**What to work on:**
Transcribe exactly the lines that begin the material and continue through the line containing "Bumper Bracket Front". Leave out whatever follows.
========================================
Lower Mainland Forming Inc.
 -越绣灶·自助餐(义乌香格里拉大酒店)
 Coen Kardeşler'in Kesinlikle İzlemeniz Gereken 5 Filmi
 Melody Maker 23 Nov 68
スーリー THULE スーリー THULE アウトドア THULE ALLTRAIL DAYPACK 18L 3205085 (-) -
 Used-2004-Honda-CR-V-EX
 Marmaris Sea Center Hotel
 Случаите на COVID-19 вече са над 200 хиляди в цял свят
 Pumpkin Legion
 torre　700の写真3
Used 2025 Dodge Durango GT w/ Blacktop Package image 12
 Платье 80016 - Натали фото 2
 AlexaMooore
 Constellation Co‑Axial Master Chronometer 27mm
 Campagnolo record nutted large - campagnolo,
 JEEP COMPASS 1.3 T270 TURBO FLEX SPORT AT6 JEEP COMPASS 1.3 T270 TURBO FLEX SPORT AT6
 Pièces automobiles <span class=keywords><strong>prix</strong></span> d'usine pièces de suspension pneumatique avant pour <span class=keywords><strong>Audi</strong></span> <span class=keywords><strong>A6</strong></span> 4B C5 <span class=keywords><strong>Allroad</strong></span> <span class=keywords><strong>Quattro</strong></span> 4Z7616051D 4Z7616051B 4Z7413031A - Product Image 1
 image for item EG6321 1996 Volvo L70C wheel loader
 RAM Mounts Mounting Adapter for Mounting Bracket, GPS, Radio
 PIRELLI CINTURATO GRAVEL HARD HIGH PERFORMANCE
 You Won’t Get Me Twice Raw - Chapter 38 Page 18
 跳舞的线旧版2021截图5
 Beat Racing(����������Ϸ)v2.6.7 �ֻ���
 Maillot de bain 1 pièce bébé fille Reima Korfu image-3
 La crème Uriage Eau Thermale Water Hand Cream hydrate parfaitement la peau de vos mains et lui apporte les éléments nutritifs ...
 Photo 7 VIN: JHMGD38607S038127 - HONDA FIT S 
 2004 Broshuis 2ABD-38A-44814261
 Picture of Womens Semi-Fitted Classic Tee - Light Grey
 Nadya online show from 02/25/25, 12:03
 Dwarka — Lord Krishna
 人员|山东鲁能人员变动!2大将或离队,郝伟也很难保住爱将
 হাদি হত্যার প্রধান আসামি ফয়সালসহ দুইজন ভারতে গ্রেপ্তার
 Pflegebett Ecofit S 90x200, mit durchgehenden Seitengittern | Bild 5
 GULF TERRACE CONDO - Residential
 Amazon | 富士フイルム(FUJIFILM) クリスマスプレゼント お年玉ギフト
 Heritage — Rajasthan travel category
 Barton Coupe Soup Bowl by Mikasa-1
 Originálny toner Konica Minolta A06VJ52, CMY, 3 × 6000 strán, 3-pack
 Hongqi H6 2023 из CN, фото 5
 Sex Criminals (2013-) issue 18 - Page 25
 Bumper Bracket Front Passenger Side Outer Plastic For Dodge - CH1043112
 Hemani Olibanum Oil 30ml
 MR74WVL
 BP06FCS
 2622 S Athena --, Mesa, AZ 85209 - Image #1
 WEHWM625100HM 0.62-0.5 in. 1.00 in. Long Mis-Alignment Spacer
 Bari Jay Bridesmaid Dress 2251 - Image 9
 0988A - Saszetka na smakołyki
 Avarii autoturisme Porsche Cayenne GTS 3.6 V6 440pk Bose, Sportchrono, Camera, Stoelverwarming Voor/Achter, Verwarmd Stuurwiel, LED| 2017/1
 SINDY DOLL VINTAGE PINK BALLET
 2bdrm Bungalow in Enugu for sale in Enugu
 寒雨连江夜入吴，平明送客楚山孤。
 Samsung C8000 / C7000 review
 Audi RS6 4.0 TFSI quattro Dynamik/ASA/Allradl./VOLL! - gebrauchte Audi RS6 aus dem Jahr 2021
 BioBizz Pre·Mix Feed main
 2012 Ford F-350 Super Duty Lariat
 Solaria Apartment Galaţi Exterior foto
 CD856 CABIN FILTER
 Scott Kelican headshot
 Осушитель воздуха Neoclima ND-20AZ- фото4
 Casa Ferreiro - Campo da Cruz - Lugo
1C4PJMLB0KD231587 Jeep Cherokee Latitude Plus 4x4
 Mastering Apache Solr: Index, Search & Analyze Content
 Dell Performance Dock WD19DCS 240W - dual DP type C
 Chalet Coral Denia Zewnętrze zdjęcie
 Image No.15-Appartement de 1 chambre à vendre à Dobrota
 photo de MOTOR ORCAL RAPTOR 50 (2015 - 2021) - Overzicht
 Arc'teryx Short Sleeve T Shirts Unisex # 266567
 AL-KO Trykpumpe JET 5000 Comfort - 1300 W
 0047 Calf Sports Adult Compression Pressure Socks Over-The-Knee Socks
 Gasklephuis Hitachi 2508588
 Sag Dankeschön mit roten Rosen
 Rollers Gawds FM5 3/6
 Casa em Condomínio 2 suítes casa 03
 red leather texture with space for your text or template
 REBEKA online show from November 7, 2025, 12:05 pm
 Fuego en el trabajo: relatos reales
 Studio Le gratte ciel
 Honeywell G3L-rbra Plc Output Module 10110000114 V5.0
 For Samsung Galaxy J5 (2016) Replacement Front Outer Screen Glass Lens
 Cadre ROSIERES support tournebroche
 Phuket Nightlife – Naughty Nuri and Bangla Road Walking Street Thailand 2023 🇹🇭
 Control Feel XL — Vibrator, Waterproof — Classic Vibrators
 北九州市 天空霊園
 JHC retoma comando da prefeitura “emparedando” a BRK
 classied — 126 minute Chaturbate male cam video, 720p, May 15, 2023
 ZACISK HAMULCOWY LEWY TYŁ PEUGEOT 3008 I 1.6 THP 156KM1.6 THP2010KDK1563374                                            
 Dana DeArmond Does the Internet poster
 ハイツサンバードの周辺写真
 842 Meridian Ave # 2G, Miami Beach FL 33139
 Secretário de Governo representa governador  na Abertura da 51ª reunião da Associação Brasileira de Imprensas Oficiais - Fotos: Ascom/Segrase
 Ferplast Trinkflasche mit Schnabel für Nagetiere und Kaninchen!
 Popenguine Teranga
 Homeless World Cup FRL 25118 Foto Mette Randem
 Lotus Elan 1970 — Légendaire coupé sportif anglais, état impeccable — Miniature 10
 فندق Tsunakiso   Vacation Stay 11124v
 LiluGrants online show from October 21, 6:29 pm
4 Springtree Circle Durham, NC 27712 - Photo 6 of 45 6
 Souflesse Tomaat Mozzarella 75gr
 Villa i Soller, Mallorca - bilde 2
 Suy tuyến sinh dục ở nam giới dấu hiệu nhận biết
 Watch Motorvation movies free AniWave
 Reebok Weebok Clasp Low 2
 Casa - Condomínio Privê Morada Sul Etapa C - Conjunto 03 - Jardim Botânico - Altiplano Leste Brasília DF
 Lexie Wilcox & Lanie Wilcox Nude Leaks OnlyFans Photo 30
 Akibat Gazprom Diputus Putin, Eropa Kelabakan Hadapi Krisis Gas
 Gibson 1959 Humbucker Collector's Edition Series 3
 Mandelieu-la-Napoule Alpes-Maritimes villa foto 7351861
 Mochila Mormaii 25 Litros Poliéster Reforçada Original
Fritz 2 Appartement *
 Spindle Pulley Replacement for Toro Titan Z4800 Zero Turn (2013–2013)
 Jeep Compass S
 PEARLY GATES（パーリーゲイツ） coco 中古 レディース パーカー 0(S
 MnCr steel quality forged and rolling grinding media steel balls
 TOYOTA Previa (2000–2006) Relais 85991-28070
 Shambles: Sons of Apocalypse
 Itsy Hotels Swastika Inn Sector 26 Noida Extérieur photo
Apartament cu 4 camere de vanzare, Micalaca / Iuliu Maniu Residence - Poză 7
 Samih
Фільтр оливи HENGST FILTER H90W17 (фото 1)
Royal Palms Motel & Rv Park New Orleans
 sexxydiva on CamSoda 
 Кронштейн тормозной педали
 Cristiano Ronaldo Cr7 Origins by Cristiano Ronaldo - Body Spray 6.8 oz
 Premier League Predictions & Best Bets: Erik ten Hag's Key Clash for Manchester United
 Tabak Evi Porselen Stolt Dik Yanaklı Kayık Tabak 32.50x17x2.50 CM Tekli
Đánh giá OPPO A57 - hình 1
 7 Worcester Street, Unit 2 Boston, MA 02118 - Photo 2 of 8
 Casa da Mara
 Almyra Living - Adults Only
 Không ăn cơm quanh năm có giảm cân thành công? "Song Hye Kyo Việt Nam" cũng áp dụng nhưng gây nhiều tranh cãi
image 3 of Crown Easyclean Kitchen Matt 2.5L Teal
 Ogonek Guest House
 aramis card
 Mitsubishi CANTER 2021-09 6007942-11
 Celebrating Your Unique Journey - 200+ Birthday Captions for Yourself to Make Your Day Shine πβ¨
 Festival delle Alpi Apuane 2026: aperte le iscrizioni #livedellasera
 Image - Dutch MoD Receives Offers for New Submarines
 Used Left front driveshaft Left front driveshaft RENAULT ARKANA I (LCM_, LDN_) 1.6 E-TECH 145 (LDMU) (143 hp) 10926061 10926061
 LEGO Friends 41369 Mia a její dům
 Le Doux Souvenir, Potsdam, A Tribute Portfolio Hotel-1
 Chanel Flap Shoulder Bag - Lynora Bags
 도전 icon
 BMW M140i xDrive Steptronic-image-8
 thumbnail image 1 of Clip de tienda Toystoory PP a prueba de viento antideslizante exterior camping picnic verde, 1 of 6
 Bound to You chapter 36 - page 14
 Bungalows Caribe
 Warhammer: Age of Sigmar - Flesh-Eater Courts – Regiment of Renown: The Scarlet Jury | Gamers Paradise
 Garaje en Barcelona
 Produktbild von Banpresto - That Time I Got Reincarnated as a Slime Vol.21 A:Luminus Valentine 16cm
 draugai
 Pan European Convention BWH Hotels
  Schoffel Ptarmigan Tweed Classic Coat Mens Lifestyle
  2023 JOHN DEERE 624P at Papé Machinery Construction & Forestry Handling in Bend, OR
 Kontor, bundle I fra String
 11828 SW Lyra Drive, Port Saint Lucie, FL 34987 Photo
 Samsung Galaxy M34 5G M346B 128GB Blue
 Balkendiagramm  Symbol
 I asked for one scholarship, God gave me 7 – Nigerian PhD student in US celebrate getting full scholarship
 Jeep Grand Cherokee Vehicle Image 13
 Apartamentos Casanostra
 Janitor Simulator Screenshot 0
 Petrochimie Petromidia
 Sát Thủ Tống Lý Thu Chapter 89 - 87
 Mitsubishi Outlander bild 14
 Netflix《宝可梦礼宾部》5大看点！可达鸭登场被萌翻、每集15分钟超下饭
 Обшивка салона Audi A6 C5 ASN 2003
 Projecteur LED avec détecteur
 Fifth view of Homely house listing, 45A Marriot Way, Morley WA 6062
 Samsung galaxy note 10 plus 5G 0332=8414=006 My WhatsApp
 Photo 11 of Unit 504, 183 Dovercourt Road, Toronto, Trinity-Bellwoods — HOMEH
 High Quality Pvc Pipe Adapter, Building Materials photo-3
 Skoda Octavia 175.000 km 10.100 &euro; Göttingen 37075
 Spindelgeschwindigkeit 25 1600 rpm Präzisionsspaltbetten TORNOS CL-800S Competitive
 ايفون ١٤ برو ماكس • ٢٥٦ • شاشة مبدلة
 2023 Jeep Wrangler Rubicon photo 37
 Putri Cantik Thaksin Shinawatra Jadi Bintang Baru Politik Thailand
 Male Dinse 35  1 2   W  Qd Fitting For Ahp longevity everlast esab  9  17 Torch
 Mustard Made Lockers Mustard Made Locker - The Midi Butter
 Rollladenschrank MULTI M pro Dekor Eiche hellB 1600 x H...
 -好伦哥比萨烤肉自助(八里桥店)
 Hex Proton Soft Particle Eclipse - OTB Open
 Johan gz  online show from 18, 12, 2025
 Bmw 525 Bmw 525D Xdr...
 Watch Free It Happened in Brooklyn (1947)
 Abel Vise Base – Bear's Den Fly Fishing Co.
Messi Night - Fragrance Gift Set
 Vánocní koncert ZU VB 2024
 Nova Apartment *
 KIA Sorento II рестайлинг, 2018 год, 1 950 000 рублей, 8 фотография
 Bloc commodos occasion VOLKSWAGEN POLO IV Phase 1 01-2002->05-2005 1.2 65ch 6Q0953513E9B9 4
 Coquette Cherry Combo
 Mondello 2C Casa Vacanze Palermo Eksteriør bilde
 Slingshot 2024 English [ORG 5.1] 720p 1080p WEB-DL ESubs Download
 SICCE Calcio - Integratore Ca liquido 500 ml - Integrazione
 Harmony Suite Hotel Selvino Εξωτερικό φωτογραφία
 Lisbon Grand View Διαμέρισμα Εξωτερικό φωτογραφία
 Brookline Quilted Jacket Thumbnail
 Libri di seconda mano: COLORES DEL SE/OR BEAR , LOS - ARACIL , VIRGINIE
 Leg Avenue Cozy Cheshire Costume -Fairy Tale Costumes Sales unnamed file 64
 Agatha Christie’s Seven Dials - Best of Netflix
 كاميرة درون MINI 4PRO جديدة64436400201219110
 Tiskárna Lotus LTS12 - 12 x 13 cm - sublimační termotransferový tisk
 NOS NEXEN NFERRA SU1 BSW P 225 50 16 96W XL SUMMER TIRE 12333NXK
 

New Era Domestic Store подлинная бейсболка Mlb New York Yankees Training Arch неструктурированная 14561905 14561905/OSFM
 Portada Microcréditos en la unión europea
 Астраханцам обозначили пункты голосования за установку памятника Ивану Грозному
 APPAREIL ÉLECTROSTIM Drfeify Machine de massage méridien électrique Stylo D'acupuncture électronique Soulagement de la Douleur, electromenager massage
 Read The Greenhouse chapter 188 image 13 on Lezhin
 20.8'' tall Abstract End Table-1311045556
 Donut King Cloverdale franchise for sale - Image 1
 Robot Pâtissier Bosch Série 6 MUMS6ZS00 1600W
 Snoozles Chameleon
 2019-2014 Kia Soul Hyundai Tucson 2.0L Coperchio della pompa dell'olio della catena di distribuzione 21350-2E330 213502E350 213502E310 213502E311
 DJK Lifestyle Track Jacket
========================================
**Result for this exercise:**
Lower Mainland Forming Inc.
 -越绣灶·自助餐(义乌香格里拉大酒店)
 Coen Kardeşler'in Kesinlikle İzlemeniz Gereken 5 Filmi
 Melody Maker 23 Nov 68
スーリー THULE スーリー THULE アウトドア THULE ALLTRAIL DAYPACK 18L 3205085 (-) -
 Used-2004-Honda-CR-V-EX
 Marmaris Sea Center Hotel
 Случаите на COVID-19 вече са над 200 хиляди в цял свят
 Pumpkin Legion
 torre　700の写真3
Used 2025 Dodge Durango GT w/ Blacktop Package image 12
 Платье 80016 - Натали фото 2
 AlexaMooore
 Constellation Co‑Axial Master Chronometer 27mm
 Campagnolo record nutted large - campagnolo,
 JEEP COMPASS 1.3 T270 TURBO FLEX SPORT AT6 JEEP COMPASS 1.3 T270 TURBO FLEX SPORT AT6
 Pièces automobiles <span class=keywords><strong>prix</strong></span> d'usine pièces de suspension pneumatique avant pour <span class=keywords><strong>Audi</strong></span> <span class=keywords><strong>A6</strong></span> 4B C5 <span class=keywords><strong>Allroad</strong></span> <span class=keywords><strong>Quattro</strong></span> 4Z7616051D 4Z7616051B 4Z7413031A - Product Image 1
 image for item EG6321 1996 Volvo L70C wheel loader
 RAM Mounts Mounting Adapter for Mounting Bracket, GPS, Radio
 PIRELLI CINTURATO GRAVEL HARD HIGH PERFORMANCE
 You Won’t Get Me Twice Raw - Chapter 38 Page 18
 跳舞的线旧版2021截图5
 Beat Racing(����������Ϸ)v2.6.7 �ֻ���
 Maillot de bain 1 pièce bébé fille Reima Korfu image-3
 La crème Uriage Eau Thermale Water Hand Cream hydrate parfaitement la peau de vos mains et lui apporte les éléments nutritifs ...
 Photo 7 VIN: JHMGD38607S038127 - HONDA FIT S 
 2004 Broshuis 2ABD-38A-44814261
 Picture of Womens Semi-Fitted Classic Tee - Light Grey
 Nadya online show from 02/25/25, 12:03
 Dwarka — Lord Krishna
 人员|山东鲁能人员变动!2大将或离队,郝伟也很难保住爱将
 হাদি হত্যার প্রধান আসামি ফয়সালসহ দুইজন ভারতে গ্রেপ্তার
 Pflegebett Ecofit S 90x200, mit durchgehenden Seitengittern | Bild 5
 GULF TERRACE CONDO - Residential
 Amazon | 富士フイルム(FUJIFILM) クリスマスプレゼント お年玉ギフト
 Heritage — Rajasthan travel category
 Barton Coupe Soup Bowl by Mikasa-1
 Originálny toner Konica Minolta A06VJ52, CMY, 3 × 6000 strán, 3-pack
 Hongqi H6 2023 из CN, фото 5
 Sex Criminals (2013-) issue 18 - Page 25
 Bumper Bracket Front Passenger Side Outer Plastic For Dodge - CH1043112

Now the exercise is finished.